Track these metrics to validate your streaming implementation:

  1. First-token latency: Target < 500ms. Monitor daily and alert on regressions.
  2. End-to-end latency: Track total time from request to response completion.
  3. Error rate: Monitor connection failures, timeouts, and API errors.
  4. User engagement: Measure whether users interact with streaming responses differently (e.g., interrupt rates, completion rates).
  5. Cost per request: Track token usage and cost per API call.

Use these metrics to optimise your implementation continuously. For enterprise teams, this data informs capacity planning and cost forecasting.

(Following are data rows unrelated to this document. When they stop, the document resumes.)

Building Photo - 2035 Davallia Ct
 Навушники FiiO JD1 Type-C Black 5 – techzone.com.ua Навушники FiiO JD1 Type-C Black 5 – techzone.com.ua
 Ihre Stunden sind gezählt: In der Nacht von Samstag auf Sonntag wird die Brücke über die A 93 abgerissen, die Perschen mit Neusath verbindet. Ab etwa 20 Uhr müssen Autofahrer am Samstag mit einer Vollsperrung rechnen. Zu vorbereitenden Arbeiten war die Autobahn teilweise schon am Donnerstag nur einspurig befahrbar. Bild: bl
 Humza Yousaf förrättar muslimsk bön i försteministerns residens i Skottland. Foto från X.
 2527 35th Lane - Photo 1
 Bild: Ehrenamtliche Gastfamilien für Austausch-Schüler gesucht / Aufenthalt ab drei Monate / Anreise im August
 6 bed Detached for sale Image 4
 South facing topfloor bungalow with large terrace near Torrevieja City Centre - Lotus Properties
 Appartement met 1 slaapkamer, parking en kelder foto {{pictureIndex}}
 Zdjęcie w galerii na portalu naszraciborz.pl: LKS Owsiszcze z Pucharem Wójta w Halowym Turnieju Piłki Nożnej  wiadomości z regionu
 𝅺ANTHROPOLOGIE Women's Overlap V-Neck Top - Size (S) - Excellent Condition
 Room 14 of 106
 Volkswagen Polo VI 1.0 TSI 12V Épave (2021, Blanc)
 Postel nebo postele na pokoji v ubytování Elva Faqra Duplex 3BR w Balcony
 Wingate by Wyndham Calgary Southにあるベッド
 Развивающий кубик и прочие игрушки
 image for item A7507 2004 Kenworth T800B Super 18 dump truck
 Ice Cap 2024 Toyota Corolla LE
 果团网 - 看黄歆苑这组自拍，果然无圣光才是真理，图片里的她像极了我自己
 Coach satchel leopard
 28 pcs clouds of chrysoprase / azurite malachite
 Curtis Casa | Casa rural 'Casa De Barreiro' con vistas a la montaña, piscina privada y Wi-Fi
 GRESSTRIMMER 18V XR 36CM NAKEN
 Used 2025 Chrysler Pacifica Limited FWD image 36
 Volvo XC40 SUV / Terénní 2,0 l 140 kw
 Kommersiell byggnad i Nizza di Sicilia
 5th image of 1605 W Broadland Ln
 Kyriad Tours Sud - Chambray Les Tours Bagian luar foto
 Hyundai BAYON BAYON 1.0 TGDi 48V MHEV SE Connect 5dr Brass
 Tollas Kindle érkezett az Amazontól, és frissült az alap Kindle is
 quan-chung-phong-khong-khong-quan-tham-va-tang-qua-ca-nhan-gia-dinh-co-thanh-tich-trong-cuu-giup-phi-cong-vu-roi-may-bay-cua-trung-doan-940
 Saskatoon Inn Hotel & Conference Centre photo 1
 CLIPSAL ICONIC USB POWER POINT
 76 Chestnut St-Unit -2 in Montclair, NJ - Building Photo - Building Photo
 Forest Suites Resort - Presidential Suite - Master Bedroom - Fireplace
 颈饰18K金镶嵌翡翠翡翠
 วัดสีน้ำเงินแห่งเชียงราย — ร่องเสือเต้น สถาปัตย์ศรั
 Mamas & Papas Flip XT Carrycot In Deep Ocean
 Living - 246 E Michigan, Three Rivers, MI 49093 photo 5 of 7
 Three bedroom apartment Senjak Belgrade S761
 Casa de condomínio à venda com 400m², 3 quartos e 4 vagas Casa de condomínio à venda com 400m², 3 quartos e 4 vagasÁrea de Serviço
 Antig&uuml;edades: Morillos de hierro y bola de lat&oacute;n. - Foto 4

Integration with Broader AI Strategy

Streaming is one piece of a larger AI Strategy & Readiness picture. Consider how streaming fits into your broader AI roadmap:

  • Model selection: Streaming works with any Claude model, but model choice (3-opus, 3-sonnet, 3-haiku) affects latency and cost.
  • Prompt engineering: Streaming doesn’t change how you craft prompts, but it does change how users perceive prompt quality (they see partial results immediately).
  • Tool integration: If Claude is calling APIs or databases, streaming the reasoning process builds user trust and transparency.
  • Feedback loops: Streaming enables real-time user feedback (e.g., thumbs up/down on partial responses), which you can use to improve prompts and models.

For startups building agentic AI products, streaming is a foundational capability that shapes the entire user experience.


Conclusion

Streaming patterns for Claude apps are no longer optional—they’re essential for shipping user-facing AI products that users trust and engage with. The patterns outlined here (first-token latency optimisation, SSE implementation, partial JSON parsing, graceful interrupts, and production error handling) represent the current best practices across 50+ production deployments.

The key insight: optimise for perceived speed (TTFT), not total response time. Users will wait 30 seconds for a complete response if they see the first token in 200ms. They’ll abandon your app if they see nothing for 2 seconds.

If you’re a founder or CTO building AI products and need expert guidance on streaming architecture, platform engineering, or broader AI & Agents Automation strategy, PADISO’s venture studio team can partner with you to ship production-grade AI products. We’ve built these patterns repeatedly and can accelerate your time-to-market significantly.

For teams modernising existing applications with streaming Claude integration, or enterprises pursuing agentic AI transformation at scale, the patterns here translate directly to your use cases—whether that’s customer service automation, internal tooling, or data-driven decision support.

Start with first-token latency. Measure it obsessively. Build from there.